TASK ITEM ->
Repeat exactly the lines beginning at the one that contains "Tree Surround 8" and running to the end of the material. Omit the pictures.

────────────────────

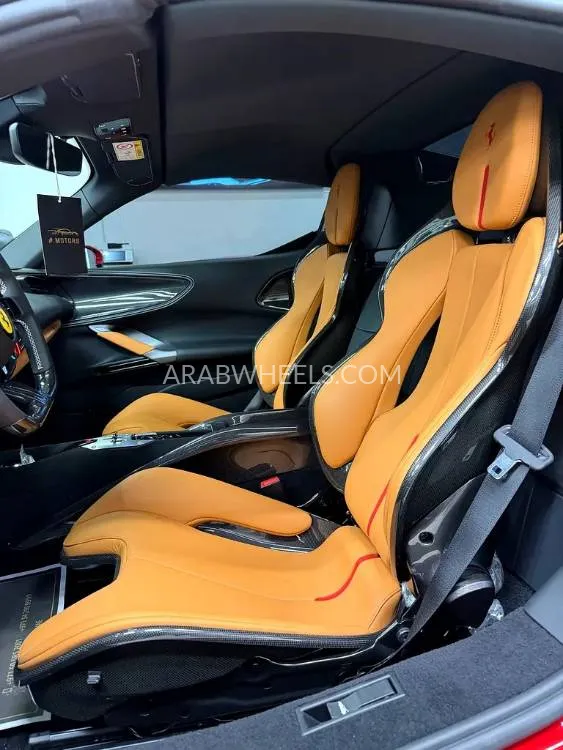 Ferrari SF90 Spider 2023 for Sale in Dubai Image-9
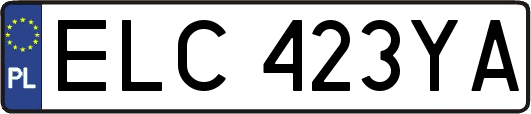ELC423YA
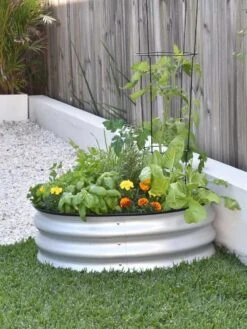 Tree Surround 8 Tree Surround -Cheap A Fresh Yard Store 8598445 03V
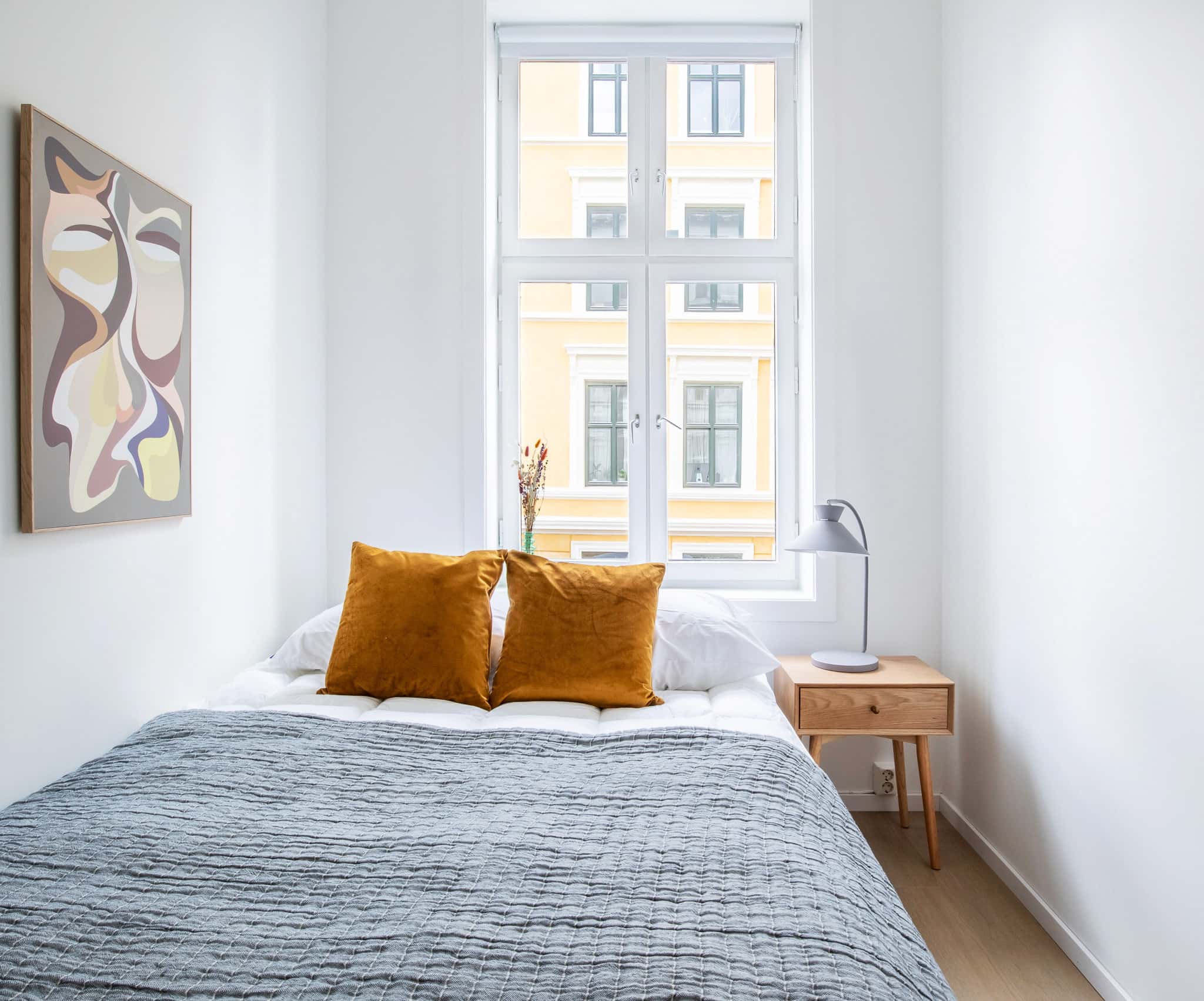 Hedda 3 Room 1 Standard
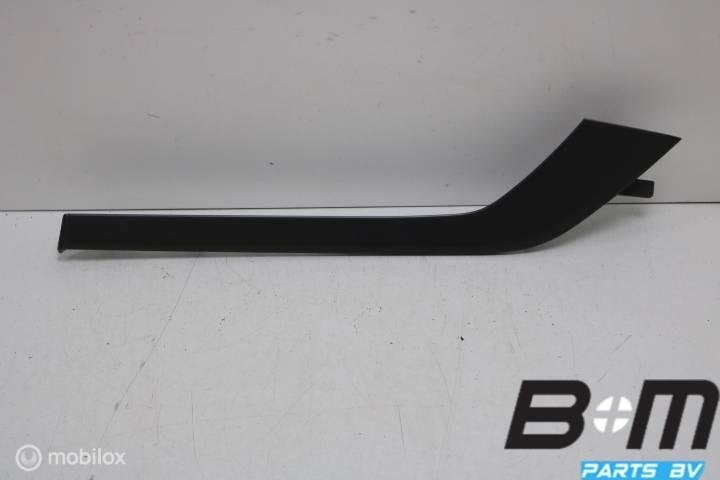 Portierstrip rechtsachter Audi Q7 4M 4M0867420J VG7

────────────────────

SOLUTION TO THIS EXERCISE ->
 Tree Surround 8 Tree Surround -Cheap A Fresh Yard Store 8598445 03V
 Hedda 3 Room 1 Standard
 Portierstrip rechtsachter Audi Q7 4M 4M0867420J VG7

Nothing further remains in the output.